Essor européen de Carhartt
En 1994, la marque commence à s'exporter en Europe sous le label "Work In Progress". L'Europe découvre donc une petite sélection de produits Carhartt issus de l'offre workwear américaine. Le succès est fulgurant et en 1997, le label Work In Progress est fondé avec une première collection, disponible exclusivement en Europe.
Cette collection "Carhartt Work In Progress" voit le jour sous licence. Carhartt garde donc un oeil sur ces collections et veille à ce que ses valeurs (durabilité, confort, fonctionnalité) soient toujours respectées. Des collections avec des coupes repensées (plus travaillées et plus proches du corps), avec plus de diversité dans les matières, et des pièces tout simplement adaptées à un style de vie urbain.

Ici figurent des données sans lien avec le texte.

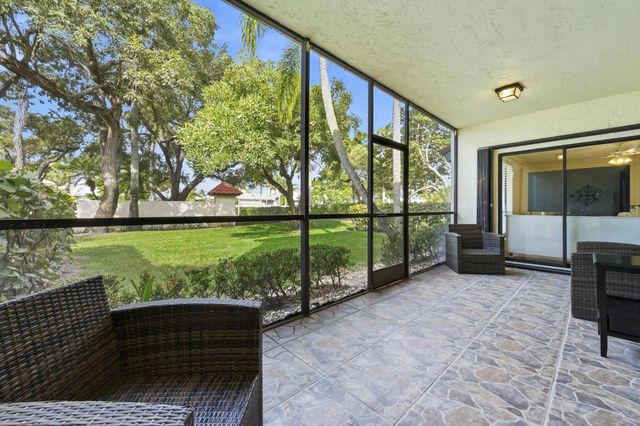 15 Lexington Lane E B, Palm Beach Gardens, FL 33418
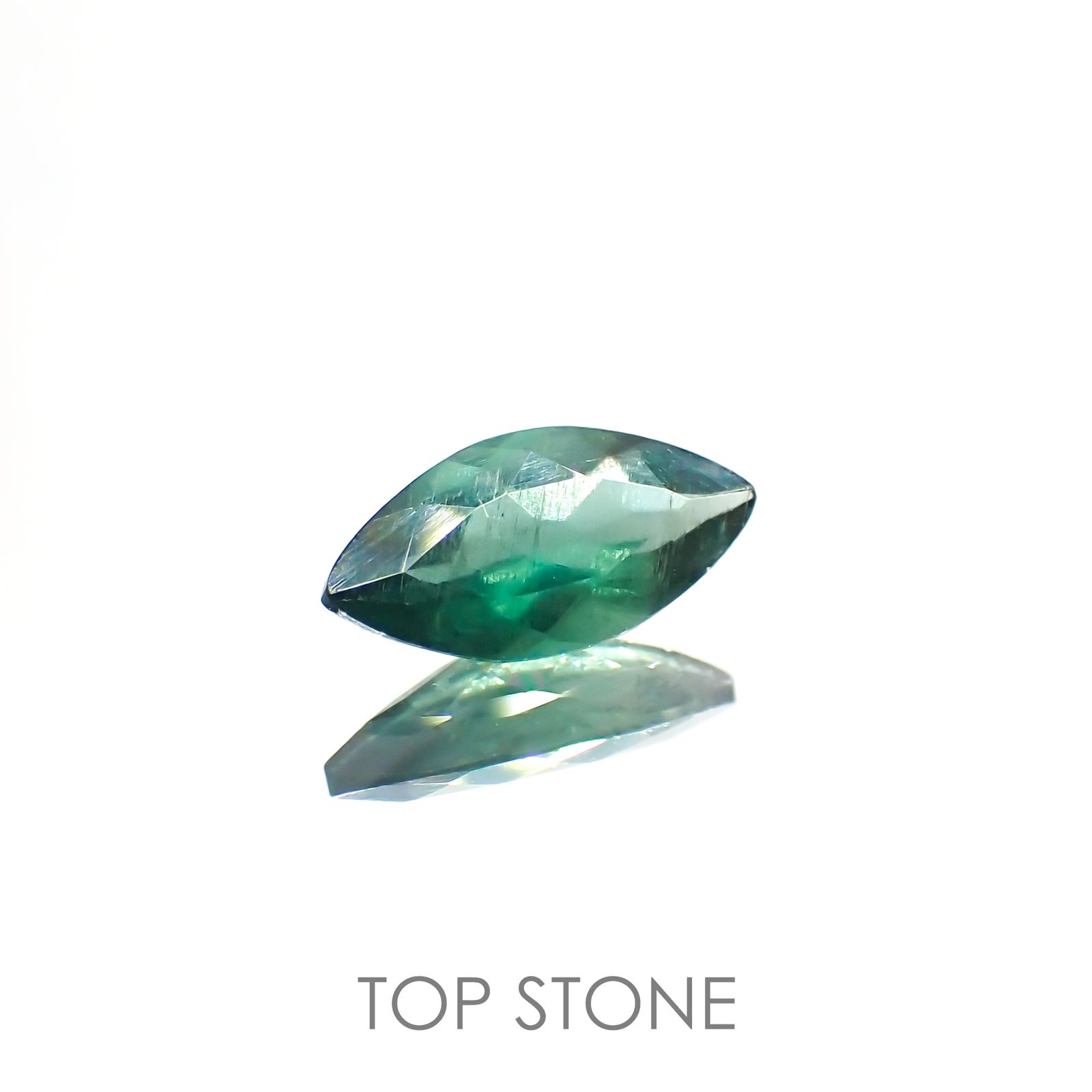 グリーンアパタイト(ノーブルモロキサイト)(宝石名アパタイト) マダガスカル産 0.70ct 識別済[210913155]9.1×4.5mm前後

Collection Carhartt WIP (automne-hiver 12).
Collection Carhartt WIP (printemps-été 14).
Aujourd'hui, il y a donc une véritable séparation entre le vêtement de travail et la ligne Work In Progress (disponible depuis peu seulement au USA). Work In Progress a collaboré avec de nombreuses marques référentes. Ma collaboration préférée est celle avec la marque A.P.C.
Sur cette collaboration, le "C" de A.P.C.
est remplacé par le logo Carhartt.
Test de la marque Carhartt Work In Progress
Pour réaliser ce test, j'ai choisi quatre pièces : une parka, une chemise oxford, un chino beige et une ceinture. L'idée était de montrer une tenue complète. Pour ma part je pense qu'on peut tout à fait s'habiller workwear sans pour autant être assimilé à un bûcheron barbu.
Note de Geoffrey : on a attaché Alex contre sa volonté
pour lui raser sa barbe, mais il a réussi à s'enfuir.
Le chino Carhartt Club Pant (beige, 95 euros)
Le chino est un basique du vestiaire masculin. Il vient suppléer votre jean brut. Personnellement, tous mes chinos sont de la marque Carhartt : j'aime la coupe, la matière et leur solidité (je porte encore des modèles achetés il y a 4 ans).
De plus, Carhartt propose à chaque nouvelle collection une large gamme de coloris et de coupes. Pour ce test, je porte un chino Club (coupe droite), dans une armure de twill 100% coton de 9 oz.
Je le porte avec des sneakers hautes Nike + A.P.C.
Le chino aurait mérité une petite retouche sur la longueur de jambe (on voit bien le tissu s'entasser sur la sneaker). Cependant, j'aime bien l'effet visuel que provoque ce volume de matière en trop (éternel débat !).
Enfin des poches profondes ! Idéal pour y glisser son smartphone 🙂
(on aperçoit le bout de mes doigts sur le fond de la poche)
Des poches passepoilées bien finies
(les deux bords sont de même hauteur et bien plats !)
Que ce soit bien clair : le chino Carhartt n'a rien d'exceptionnel (j'apprécie quand même les finitions et détails propres). Mais je sais que dans plusieurs années, et ce même après plusieurs dizaines de lavages, le pantalon ne bougera pas et la couleur restera bien fixée. Un excellent rapport qualité-prix (notamment disponible sur Menlook).
Je porte la ceinture tressée Parker (55 euros, disponible ici). Elle est en 100% polyester avec des empiècements/finitions en cuir. Cela faisait longtemps que je cherchais une ceinture en cuir tressée et celle-ci remplit parfaitement son rôle !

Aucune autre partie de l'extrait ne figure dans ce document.